Ensuring batch-to-batch consistency requires:

• Establishment of well-defined Critical Quality Attributes (CQAs):

  • Molecular identity (mass, sequence)

  • Purity profile

  • Secondary structure content

  • Bioactivity (MIC against reference strains)

  • Cytotoxicity profile

• Implementation of robust analytical methods:

  • Validated HPLC methods for purity and identity

  • Standardized bioactivity assays with reference standards

  • Consistent CD spectroscopy protocols

• Process controls:

  • Defined cell banking system

  • Consistent fermentation parameters

  • Validated purification protocols

  • In-process testing at critical steps

• Statistical process control:

  • Trend analysis of quality attributes across batches

  • Establishment of acceptance criteria based on statistical analysis of historical data

What are the most sensitive methods for detecting host cell protein and DNA contamination in purified Ranatuerin-2SEb preparations?
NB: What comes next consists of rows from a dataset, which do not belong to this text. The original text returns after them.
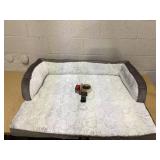 Serta Pet Bed for Dogs and Cats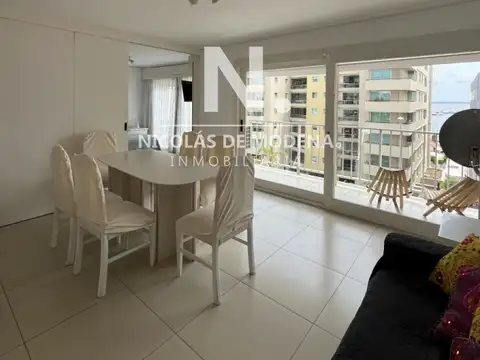 Departamento en Alquiler Temporal de 2 dormitorios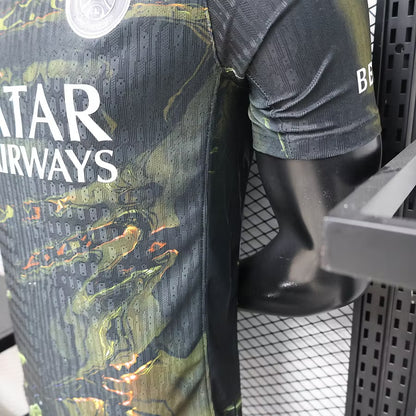 Paris Saint-Germain (PSG) Fifth Player Shirt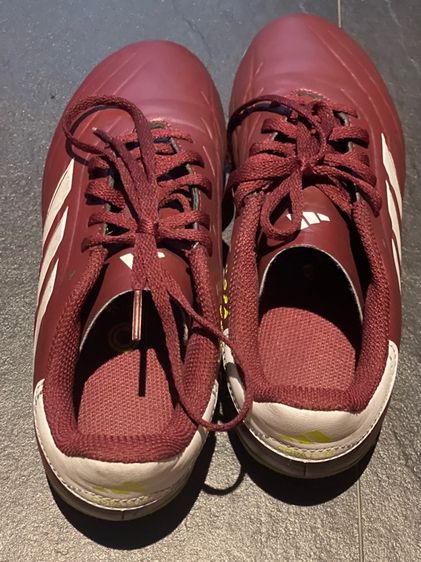 รองเท้าผ้าใบ รูปที่ 8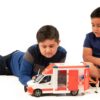MB Sprinter Ambulance with Driver - Image 6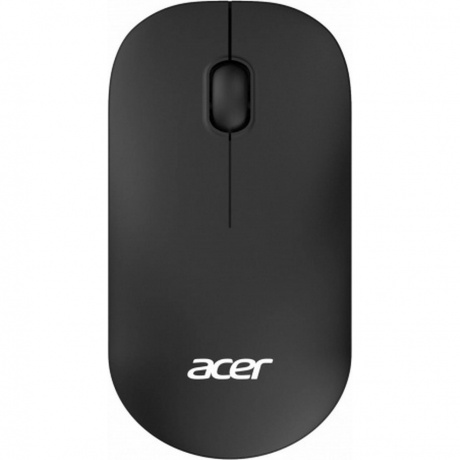 Мышь Acer OMR130 черный (ZL.MCEEE.00F) - фото 1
For host cell protein (HCP) detection:

• ELISA using antibodies raised against the host cell proteome

• LC-MS/MS-based proteomic approaches for identification and quantification of specific HCPs

• Western blotting for detection of common HCP contaminants

For host cell DNA detection:

• Quantitative PCR (qPCR) targeting host-specific sequences

• Threshold assays using fluorescent DNA-binding dyes

• Next-generation sequencing for detailed characterization of DNA contaminants

Establishing acceptance criteria based on regulatory guidelines (typically <100 pg DNA per dose and <100 ppm HCP) is essential for advancing toward clinical applications.
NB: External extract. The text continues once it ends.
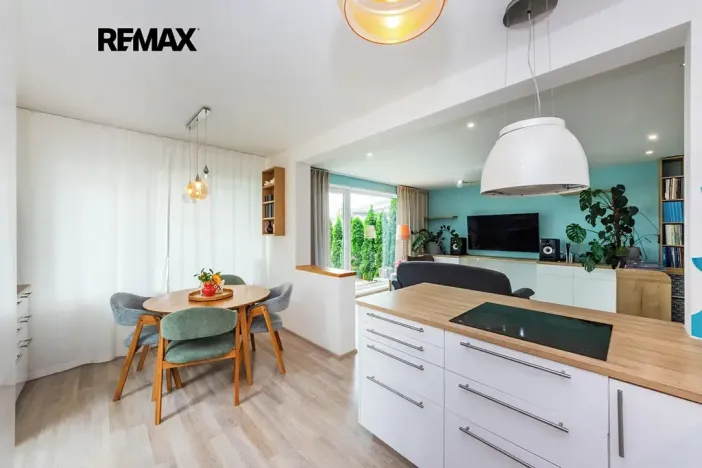 Prodej rodinného domu, Horoušany, Podzimní, 155 m2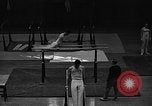 Image of Naval Academy gymnasts Annapolis Maryland USA, 1940, second 25 stock footage video 65675044065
How might structural biology techniques advance our understanding of Ranatuerin-2SEb's mechanism of action?

Advanced structural biology approaches could provide critical insights:

• Solution NMR studies in membrane-mimicking environments to determine the three-dimensional structure and orientation of Ranatuerin-2SEb when interacting with membranes

• Solid-state NMR to study peptide-membrane interactions in native-like bilayers

• Cryo-electron microscopy to visualize membrane perturbations or pore formation

• X-ray crystallography of the peptide in complex with potential protein targets

• Molecular dynamics simulations to model peptide-membrane interactions and conformational changes

These approaches would help elucidate whether Ranatuerin-2SEb acts primarily through carpet-like disruption, toroidal pore formation, barrel-stave pores, or other mechanisms.

What genomic approaches could identify novel Ranatuerin variants with enhanced properties?
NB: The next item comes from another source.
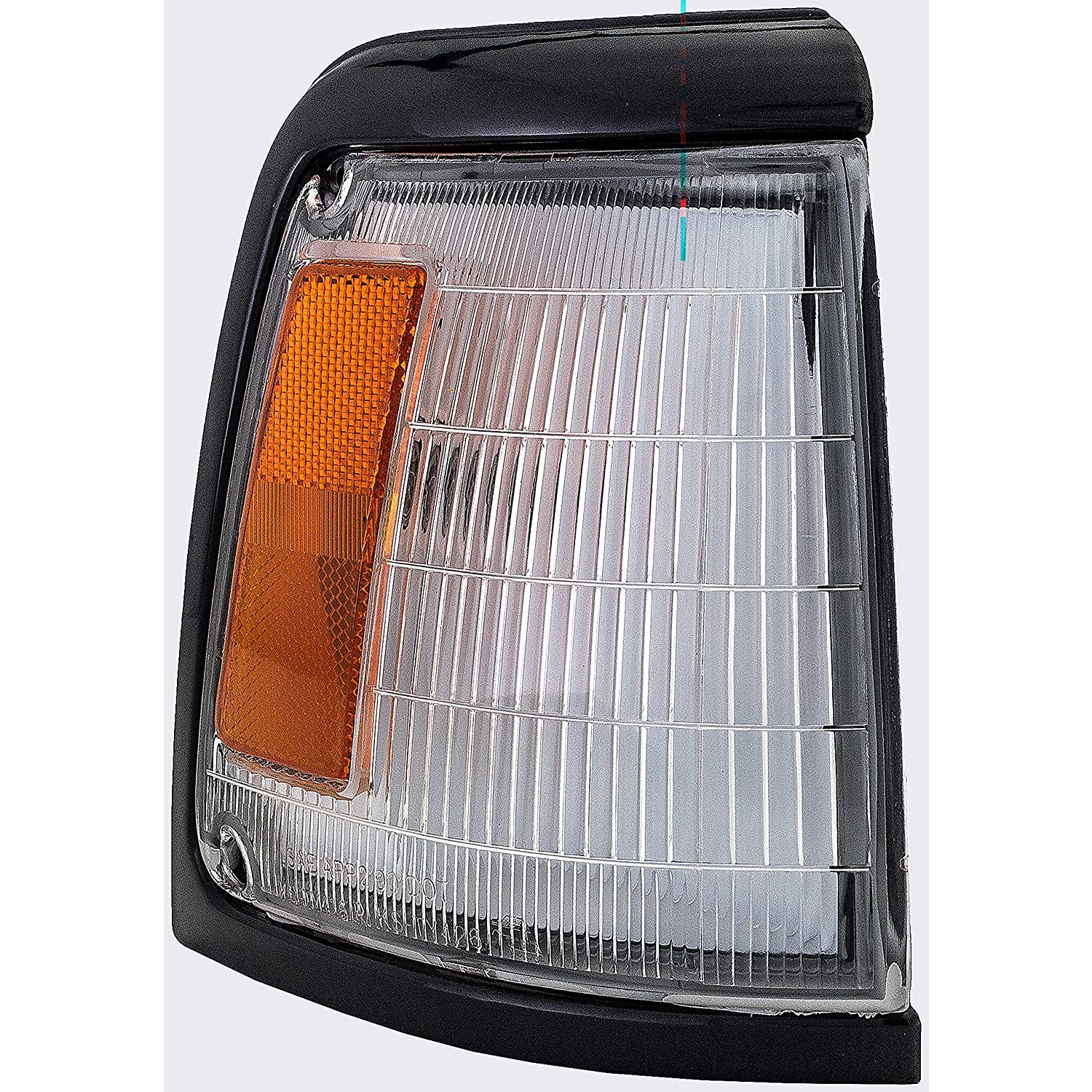 AM PARKLAMP SKU RB1630699 OEM TY426 B00DR 8161035080-6223-00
Genomic and transcriptomic approaches to discover novel ranatuerins include:

• Next-generation sequencing of skin secretion transcriptomes from diverse ranid frog species

• Bioinformatic mining of existing amphibian genomic databases

• Comparative genomics to identify evolutionary patterns in antimicrobial peptide genes

• Molecular phylogenetic analysis to understand evolutionary relationships between different ranatuerins

These approaches could identify natural variants with enhanced properties or guide rational design of improved synthetic analogues. The "shotgun" cloning approach described for Ranatuerin-2Pb could serve as a starting methodology .

How might Ranatuerin-2SEb be developed for clinical applications beyond direct antimicrobial use?

Potential alternative applications include:

• Immunomodulatory applications, given the dual antimicrobial and histamine-releasing properties reported for peptides from Rana sevosa

• Anti-biofilm coatings for medical devices, based on the anti-biofilm properties demonstrated by some ranatuerins

• Combination therapy with conventional antibiotics to combat resistant infections

• Anticancer applications, as some ranatuerins have shown anticancer activity

• Templates for developing peptidomimetics with improved pharmacological properties

Exploring these diverse applications would require specialized in vitro and in vivo models tailored to each potential indication.